Brooks next went to Academy-Award winning western actor Gig Young, who was cast as the Waco Kid, but whose issues with alcoholism forced him to depart the film early on. In dire straits, Brooks reached out to Wilder to fly in and save him. The actor happily obliged and the rest is history. Another actor who was happy to do anything Brooks asked of her was Madeline Kahn, who played the sultry German showgirl Lili Von Shtupp.
“When I auditioned her,” said Brooks, “I said, ‘Madeline, there’s one thing you gotta do for me: Show me your legs, hike up your skirt.’ And she said, ‘Oh, it’s gonna be one of those auditions.’ I said, ‘No, no, no, I’m happily married, no. You’re imitating Marlene Dietrich with those nice stockings, you gotta straddle a chair, you gotta have legs.’ And she jumped into a chair, turned it around, hiked up her skirt, and her legs were just like Marlene Dietrich. And I said, ‘Oh god, bless you, okay.’”
Brooks went on to discuss other casting decisions, including how he almost cast Carl Reiner in the role of crooked attorney general Hedley Lamarr that would ultimately go to Harvey Korman.

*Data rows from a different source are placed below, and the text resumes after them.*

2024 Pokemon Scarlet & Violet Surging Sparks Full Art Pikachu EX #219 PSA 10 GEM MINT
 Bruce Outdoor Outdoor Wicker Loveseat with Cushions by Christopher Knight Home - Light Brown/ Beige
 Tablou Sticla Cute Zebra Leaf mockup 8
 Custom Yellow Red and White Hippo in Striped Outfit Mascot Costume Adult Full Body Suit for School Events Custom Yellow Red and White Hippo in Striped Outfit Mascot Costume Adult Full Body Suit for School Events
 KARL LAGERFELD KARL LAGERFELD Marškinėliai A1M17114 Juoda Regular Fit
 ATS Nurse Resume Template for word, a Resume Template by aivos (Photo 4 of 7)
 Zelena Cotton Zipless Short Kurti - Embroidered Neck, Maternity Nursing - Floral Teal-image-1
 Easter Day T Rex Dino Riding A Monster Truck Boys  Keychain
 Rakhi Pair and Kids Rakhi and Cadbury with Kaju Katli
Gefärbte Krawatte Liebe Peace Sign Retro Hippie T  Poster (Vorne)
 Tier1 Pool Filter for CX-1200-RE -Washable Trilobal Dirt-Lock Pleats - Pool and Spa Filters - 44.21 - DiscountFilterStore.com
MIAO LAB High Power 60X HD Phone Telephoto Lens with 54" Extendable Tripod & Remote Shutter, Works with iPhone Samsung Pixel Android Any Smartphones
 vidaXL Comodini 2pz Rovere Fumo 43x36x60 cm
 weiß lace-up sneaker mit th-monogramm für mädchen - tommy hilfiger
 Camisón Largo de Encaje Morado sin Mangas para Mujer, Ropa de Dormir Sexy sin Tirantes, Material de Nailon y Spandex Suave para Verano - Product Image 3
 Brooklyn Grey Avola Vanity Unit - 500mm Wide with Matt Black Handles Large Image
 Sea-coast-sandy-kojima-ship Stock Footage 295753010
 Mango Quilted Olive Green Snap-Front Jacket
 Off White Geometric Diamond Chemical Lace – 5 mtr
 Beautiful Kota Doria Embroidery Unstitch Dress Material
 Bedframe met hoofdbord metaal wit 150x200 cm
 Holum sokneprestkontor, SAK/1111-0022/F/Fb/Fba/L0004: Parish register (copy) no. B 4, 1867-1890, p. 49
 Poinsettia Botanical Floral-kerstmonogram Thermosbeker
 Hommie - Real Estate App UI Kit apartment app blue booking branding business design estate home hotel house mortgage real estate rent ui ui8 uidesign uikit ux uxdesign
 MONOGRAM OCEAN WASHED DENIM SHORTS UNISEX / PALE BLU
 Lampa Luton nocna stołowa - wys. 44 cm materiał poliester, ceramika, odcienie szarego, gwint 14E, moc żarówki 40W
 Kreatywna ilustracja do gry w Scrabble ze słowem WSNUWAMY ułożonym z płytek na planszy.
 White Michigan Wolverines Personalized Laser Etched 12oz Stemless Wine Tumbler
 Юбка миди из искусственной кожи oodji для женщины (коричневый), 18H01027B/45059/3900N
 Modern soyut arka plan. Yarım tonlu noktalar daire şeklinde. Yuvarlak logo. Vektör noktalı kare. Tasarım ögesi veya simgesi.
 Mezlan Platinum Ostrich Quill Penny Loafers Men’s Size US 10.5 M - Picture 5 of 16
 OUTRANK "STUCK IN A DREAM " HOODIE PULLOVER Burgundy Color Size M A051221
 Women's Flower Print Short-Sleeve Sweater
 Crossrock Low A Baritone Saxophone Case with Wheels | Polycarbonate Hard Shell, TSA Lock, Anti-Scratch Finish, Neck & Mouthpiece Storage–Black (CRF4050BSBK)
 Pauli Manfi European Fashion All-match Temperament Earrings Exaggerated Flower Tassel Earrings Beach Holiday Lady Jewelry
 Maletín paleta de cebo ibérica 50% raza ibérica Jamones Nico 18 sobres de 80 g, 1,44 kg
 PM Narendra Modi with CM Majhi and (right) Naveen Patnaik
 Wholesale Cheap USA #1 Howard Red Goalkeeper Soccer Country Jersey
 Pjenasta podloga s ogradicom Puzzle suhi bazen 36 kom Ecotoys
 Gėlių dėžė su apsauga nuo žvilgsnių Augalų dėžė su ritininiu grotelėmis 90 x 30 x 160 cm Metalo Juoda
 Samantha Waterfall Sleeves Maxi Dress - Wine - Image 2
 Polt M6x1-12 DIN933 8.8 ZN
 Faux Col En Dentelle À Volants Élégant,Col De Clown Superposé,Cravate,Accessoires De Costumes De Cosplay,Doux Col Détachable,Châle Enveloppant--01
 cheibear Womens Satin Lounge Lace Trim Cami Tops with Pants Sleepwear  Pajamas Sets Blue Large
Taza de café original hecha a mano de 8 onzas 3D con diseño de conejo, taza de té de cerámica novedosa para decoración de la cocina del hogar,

“Carl was making something and he couldn’t do it and he suggested Harvey Korman. So I watched ‘The Carol Burnett Show’ and I said, ‘This guy seems great.’ So he came and he auditioned and Harvey was perfect. Harvey was just wonderful. I miss him. I had many scenes with Harvey where, not only did the crew break up, but I broke up and I had to shoot it again. It cost me a fortune cause I couldn’t get through a scene.”
Revealing details about one of the characters he played, Brooks shared how the name for his dim-witted Governor William J. Le Petomane came to be. He said to the audience at the Peacock Theater, “Le Petomane is a French word for farting. There was a guy called Le Petomane who used to sing ‘La Marseillaise’ [the French national anthem] anally.”
As if this wasn’t enough to clue you into how Brooks views politics, he also went on to describe an interaction with a Warner Bros. studio executive following what seemed like a successful screening of the film, with the audience hooting and hollering and getting up out of their seats even.
“I was on the way out of the theater and somebody grabbed the nape of my neck and took me to the manager’s office, threw me down, and he was the head of all of Warner Bros.,” said Brooks. “Ted Ashley. I was with John Calley, who was in charge of the studio, but not in charge of all of Warner Bros. This guy was the head guy. He threw me a legal pad and a Sharpie and said, ‘Write: No hitting an old lady — out. No hitting a horse — out. No farting — out.’ Why listen to anything? I would’ve had an 11-minute movie. So he left, I crumpled up his notes, threw it in the waste basket.”
In truth, Brooks admits to cutting only one portion of one scene from the film, not because anyone asked him to, but because he himself knew it was more than he needed to sell the joke. However, in reflecting on the cut, he did feel a twinge of regret.
“It’s the scene where Madeline Kahn asks the sheriff to come visit her in her dressing room and she says, ‘I’m going to change into something more comfortable, loosen your belt,’” Brooks said, reenacting the entire scene. “And she comes back and she says in the dark, [in a German accent] ‘Is it twue? Is it twue what they say about you people? How beautiful you’re built? Is it twue? [panting] Oh, it’s twue… It’s twue!’ And Clevon [who plays Sheriff Bart] says to her, ‘I don’t mean to disillusion you Miss Von Stupp, but you’re sucking on my arm.’ So I said, ‘Okay, this might be a bit too much’ and I took it out of the picture.”
It’s hard to believe the words “too much” being in Brooks’ vocabulary considering his characteristically filthy humor still being in tact to this day, but it doesn’t seem to stop him from continuing to provide huge laughs.